Assumptions of the model
These are the basic assumptions of them model, which allow us to define conditional probability distributions for each of the variables.
- Links are clicked if and only if the user examines them and the URL is attractive.
- Attractiveness is an inherent quality of the URL, parameterized by the \(a_u\) variable
- After a clicking a link the user may or may not be satisfied. This is also an inherent quality of the URL, parameterised by \(s_u\)
- Users stop examining new results once satisfied with a result they clicked on
- There is a probability \(1-\gamma\) of abandoning a search after clicking a result and not being satisfied. The simplified model ignores this.
- Users examine all links in order and don’t skip over a link without examining it.

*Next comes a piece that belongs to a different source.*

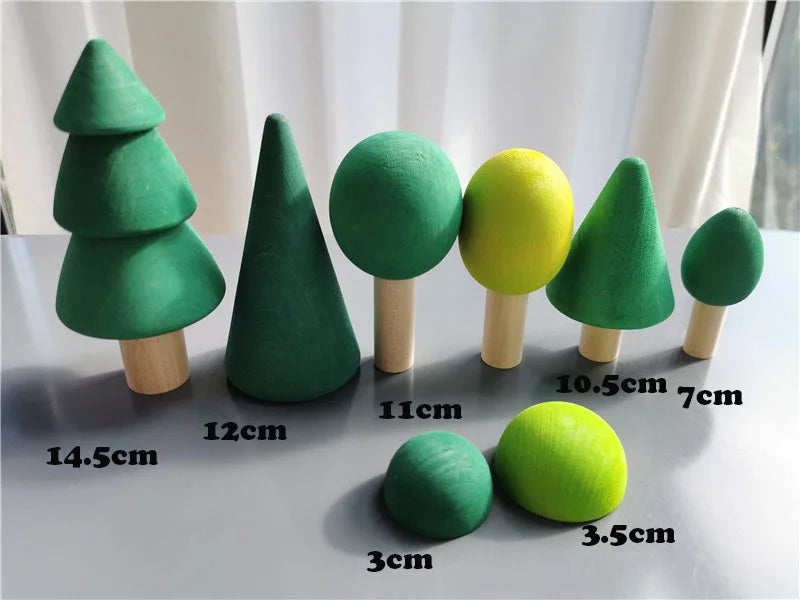 Wood montessori toys rainbow stacking bridge cars matryoshka dolls forest trees for kids educational blocks play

- In section 4 they say 3% of sessions contain out of order clicks, which goes against this assumption. They discarded the data but said they could also just ignore the ordering here (i.e. treat the sessions as if the user clicked the links in the ranked order). I think this is what I'm going to do initially, because it makes it easier to get the data I need.

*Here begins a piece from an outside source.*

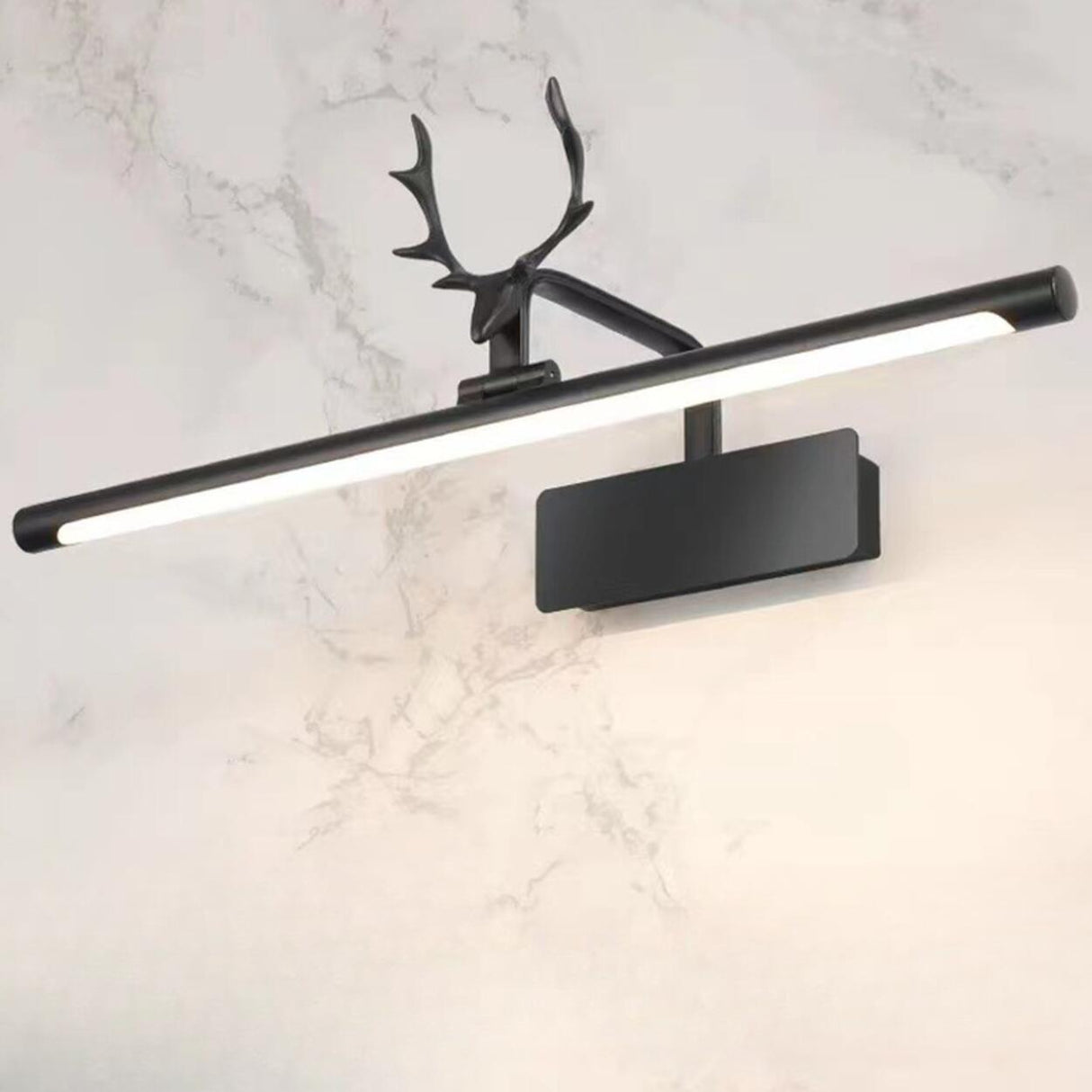 Sleek Gold Deer Antler LED Vanity Mirror Light Image - 7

Extracting relevance from the trained model
The DBN model has 3 sets of parameters:
- A single variable \(\gamma\), which is a measure of how determined users are to find what they're looking for. In the simplified model I'm going to start with, \(\gamma = 1\), meaning users are assumed to examine everything on the page until they find a relevant result.

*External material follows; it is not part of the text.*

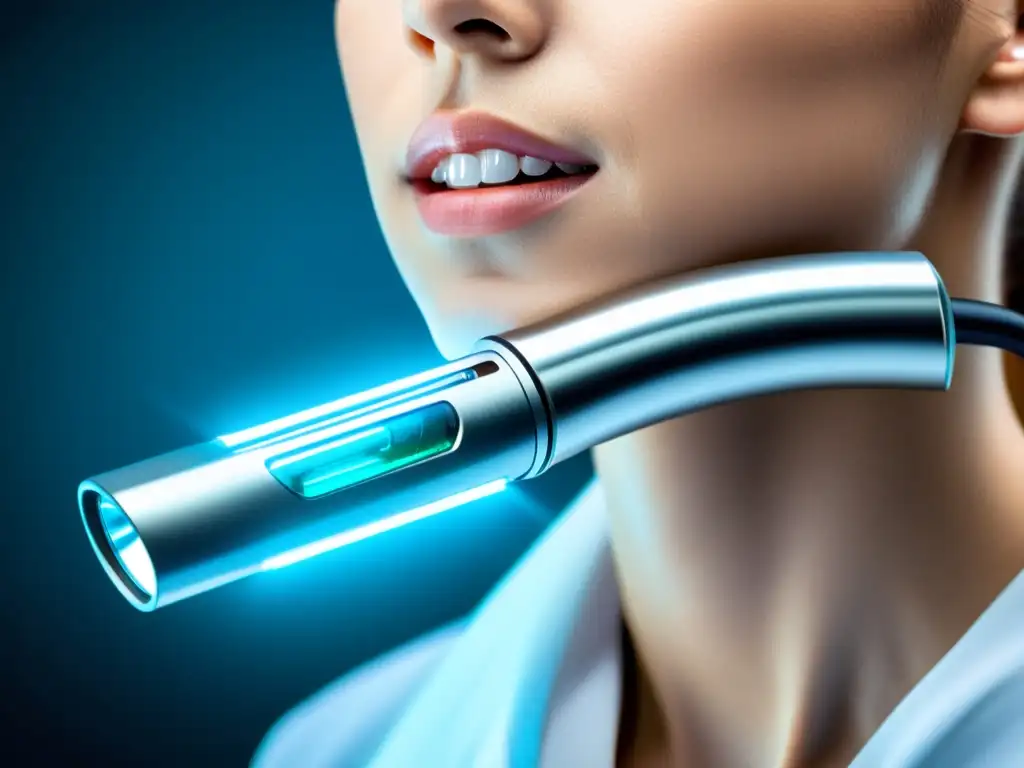 Laringoscopio de última generación: precisión y tecnología avanzada Detalle de laringoscopio moderno con iluminación LED, revelando la anatomía detallada de la vía aérea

- \(a_u\), defined for every (query, result) pair. This is the probability the result looks relevant for that query.
- \(s_u\), defined for every (query, result) pair. This is the probability the result actually satisfies the user.
They define relevance as the product of \(a_u\) and \(s_u\), so once you've trained the model you know what's relevant and what isn't, and you can generate an optimal ranking that puts the most relevant stuff on the top.
This can then be used as training data to learn a ranking function that can handle any query (section 4.3). The authors found this worked almost as well as using editorial relevance judgements.
Training the simplified model
For the simplified model where \(\gamma=1\), the algorithm for optimising the parameters is basically just counting things.
a = {}
s = {}
for u in urls:
a[u] = Count(numerator=0, denominator=0)
s[u] = Count(numerator=0, denominator=0)
for session in sessions:
# Everything above and including the last clicked URL
for u in session.examined_urls:
a[u].denominator += 1
for u in session.clicked_urls:
a[u].numerator += 1
s[u].denominator += 1
s[session.final_clicked_url].numerator += 1
The calculation of \(a_u\) is similar to the overall clickthrough rate, but it takes into account what the user is likely to have seen, rather than counting everything displayed on the page.
\(s_u\) is just the percentage of clicks where the user doesn't try another result afterwards.
The authors took some steps to filter the data before splitting it into training and test sets:
- Ignore anything that's not on the first page of search results (in their case this is 10 links, for GOV.UK it’s 20 links)
- Discard all queries with < 10 sessions
- Discard sessions with out of order clicks (see above)
Beta priors
In the paper they include a beta prior for both a and s. So the actual values of \(a_u\) and \(s_u\) are:
a_u = (a[u].numerator + alpha_a) / (a[u].denominator + alpha_a + beta_a)
s_u = (s[u].numerator + alpha_s) / (s[u].denominator + alpha_s + beta_s)
I don’t really understand this at the moment, but presumably I'm supposed to have some prior knowledge about \(a_u\) and \(s_u\).
In theory I do have some additional data about GOV.UK pages I could use, but it's independent of what the user was looking for, so I don't know if it's applicable here.